Dan Fabian spent the summer drawing, and drawing, and drawing. Apama Mackey’s containerized art gallery on the 11th St. art corridor is crowded with 37 witty pages that balance obtuse humor, pointed commentary, and precise, admirable pen-and-ink work.
In Mod Hermit Crab, Fabian pens a crisp illustration of the unlikely marriage between a crustacean and Houston’s Contemporary Art Museum. There’s content here: as a non-collecting institution, the CAMH is a disposable shell, temporarily housing (and confining or protecting) the artist/lobster within. In Fabian’s view, it’s a poor fit, but it vividly recalls the often-startling contrast between the ultra-constrained exterior and the often-prickly contents. It’s a steal at $200 and should be the CAMH’s new logo.
The Eighties is an example of Fabian at his most deadpan.

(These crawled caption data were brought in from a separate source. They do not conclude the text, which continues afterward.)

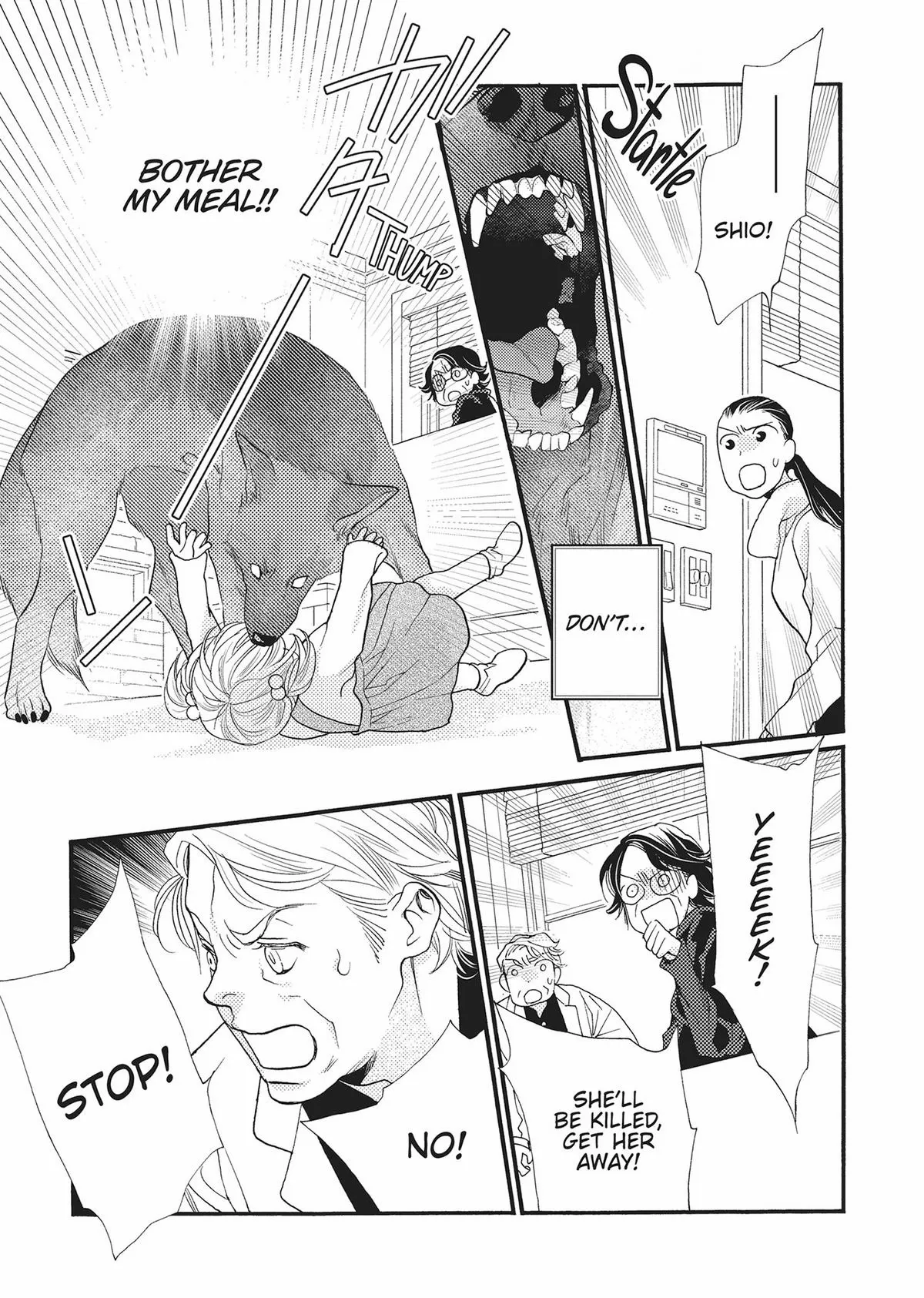 Read Koi suru Moon Dog chapter 20.5 image 4 on Lezhin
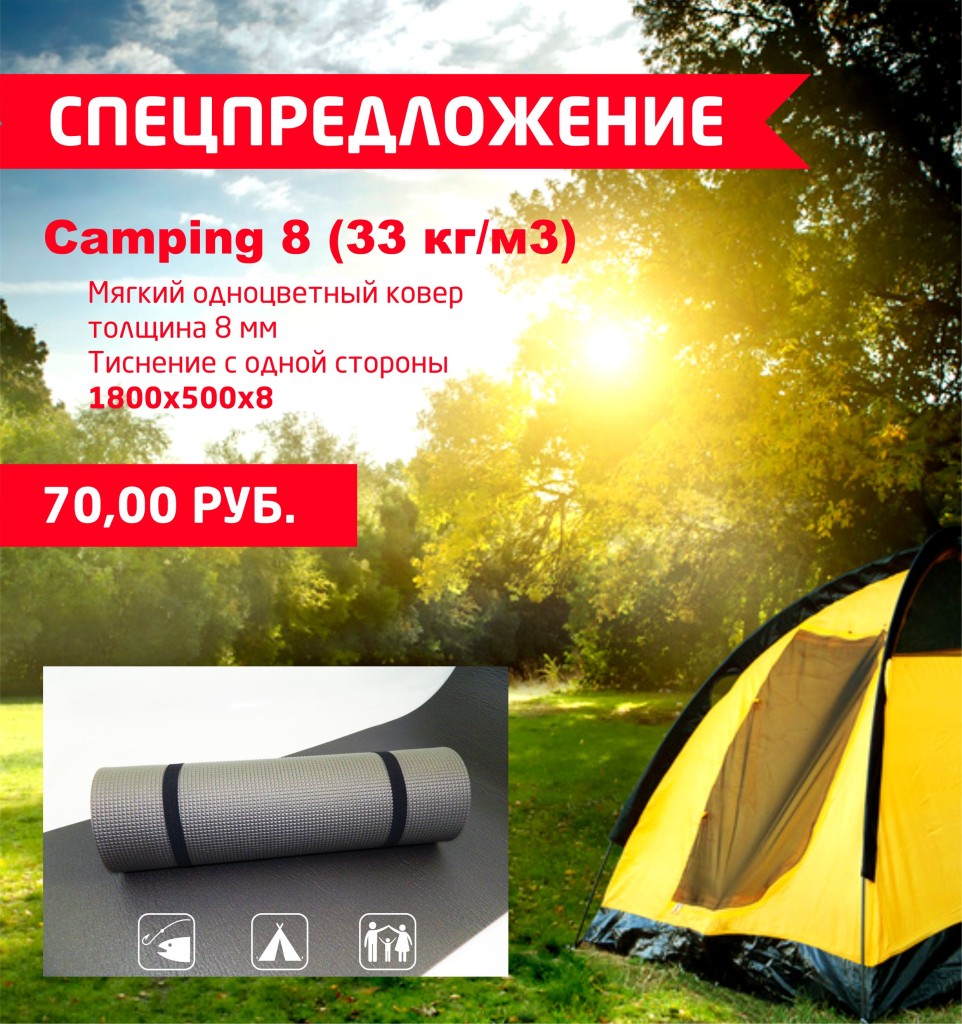 ковер camping 8 спецпредложение
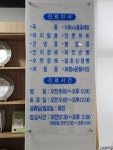 박지욱신경과의원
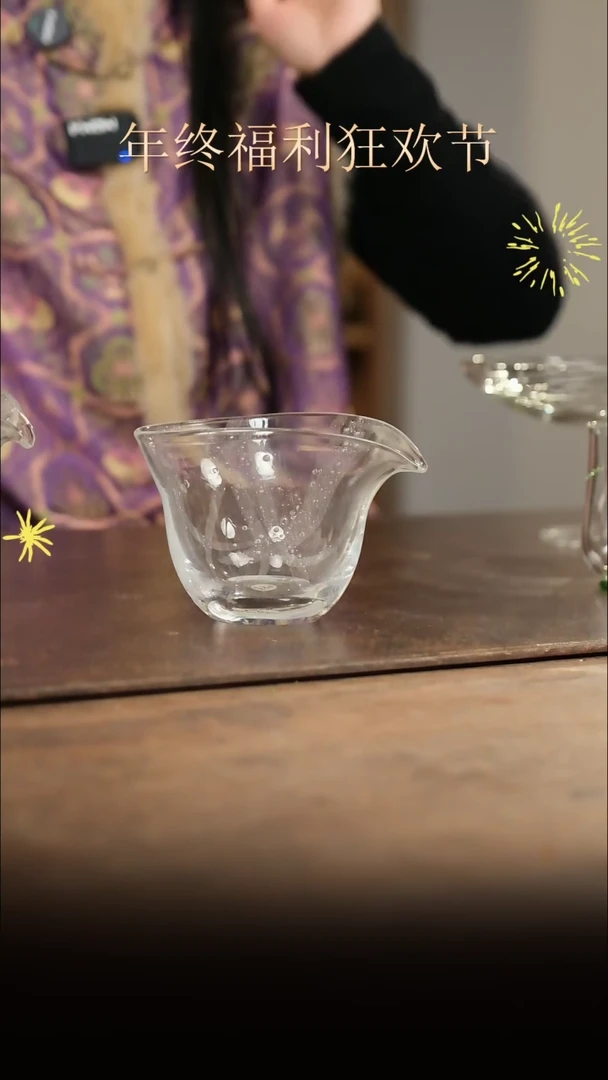 【闪购商品】自采 公道 原价 480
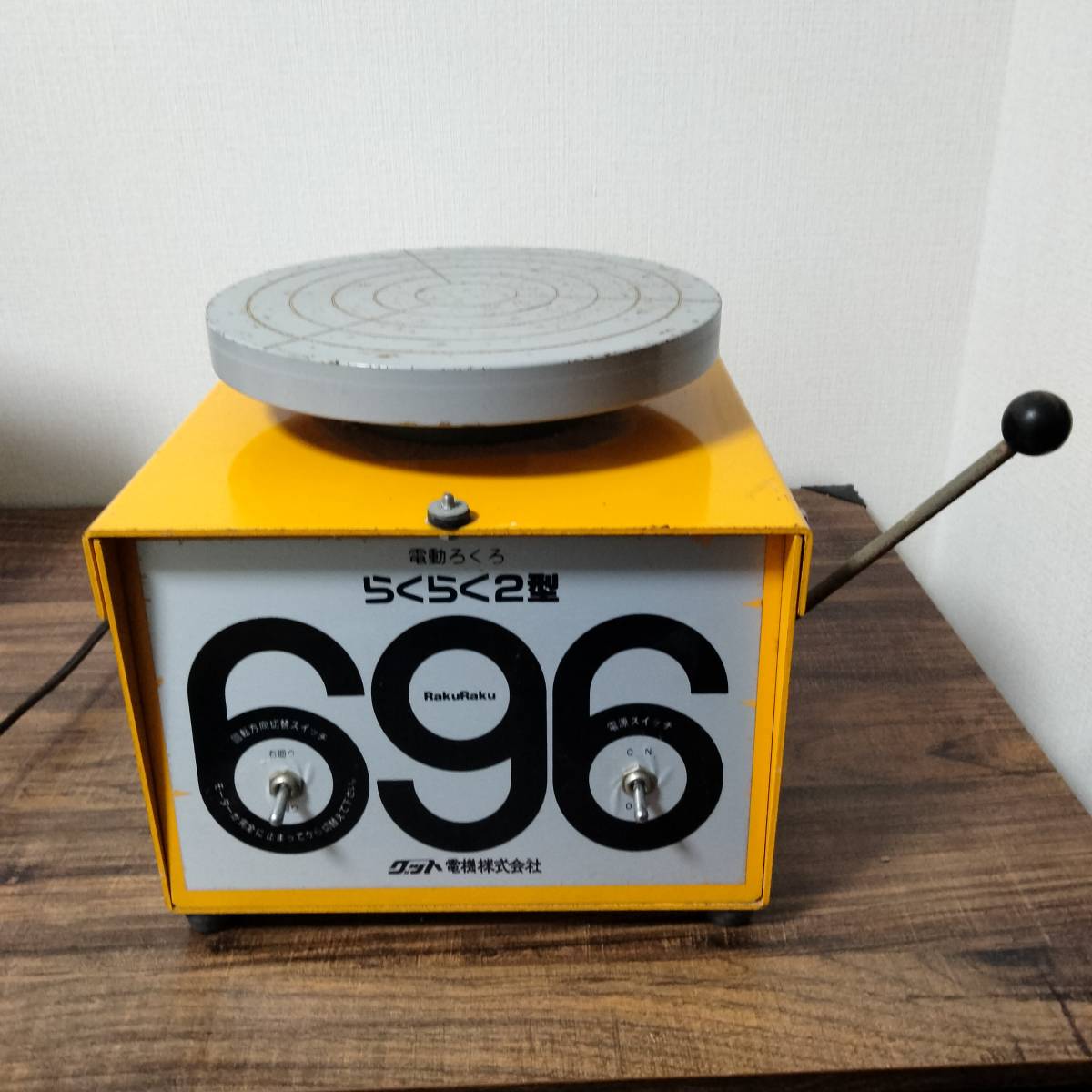 グット電機株式会社 電気ろくろ 696型 らくらく2号 100v 陶芸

A thicket if intersecting parallel lines that might be doodled on the margins of a telephone book is enlarged and refined into a curiously pathetic constructivist drawing. As a matter of fact, I think I remember it from Paul Klee’s Pedagogical Sketchbook. Fabian shares with Klee an introspective, playful surrealism. The eighties has been torn in half and discarded. Two fragments of that desperately self-conscious decade lie side by side like specimens on a microscope slide, their aimless pizzazz laid bare.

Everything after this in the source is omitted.